> **WORK INSTRUCTIONS**: What you return should be the complete listing, unchanged, with no pictures in it.

> **DATA BELOW**:

--- --- ---

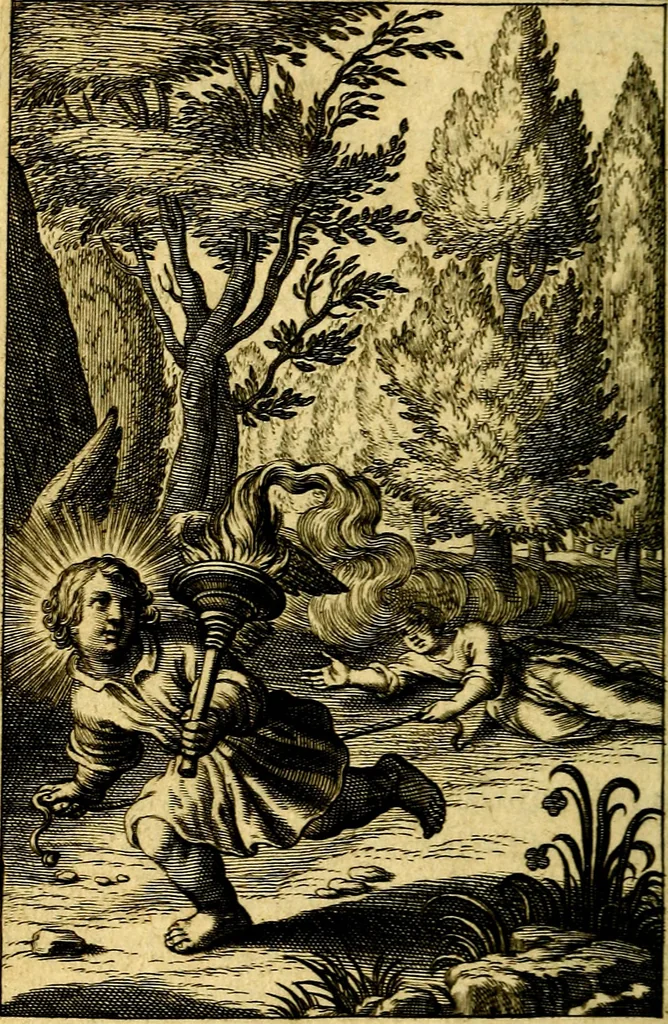 An illustration from Pia desideria : emblematis elegiis & affectibus SS. Patrvm illustrata, 1624, leaf 269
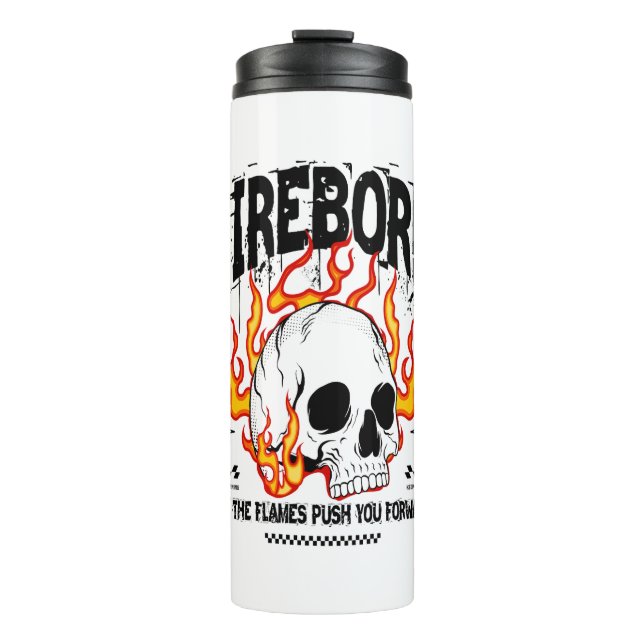 Termo Calavera Nacida del Fuego Ropa Urbana (Anverso)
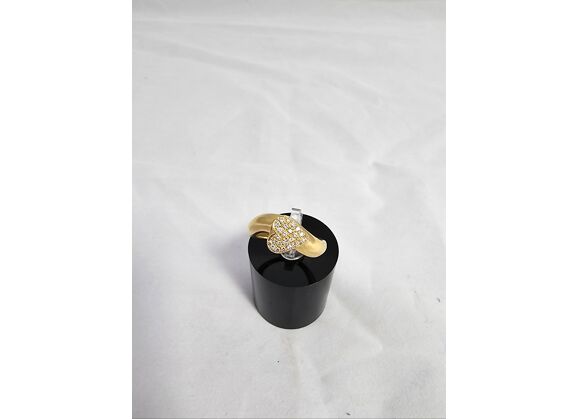 Image Bague Or jaune Diamant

--- --- ---

> **ANSWER FOR THIS EXERCISE**:
 An illustration from Pia desideria : emblematis elegiis & affectibus SS. Patrvm illustrata, 1624, leaf 269
 Termo Calavera Nacida del Fuego Ropa Urbana (Anverso)
 Image Bague Or jaune Diamant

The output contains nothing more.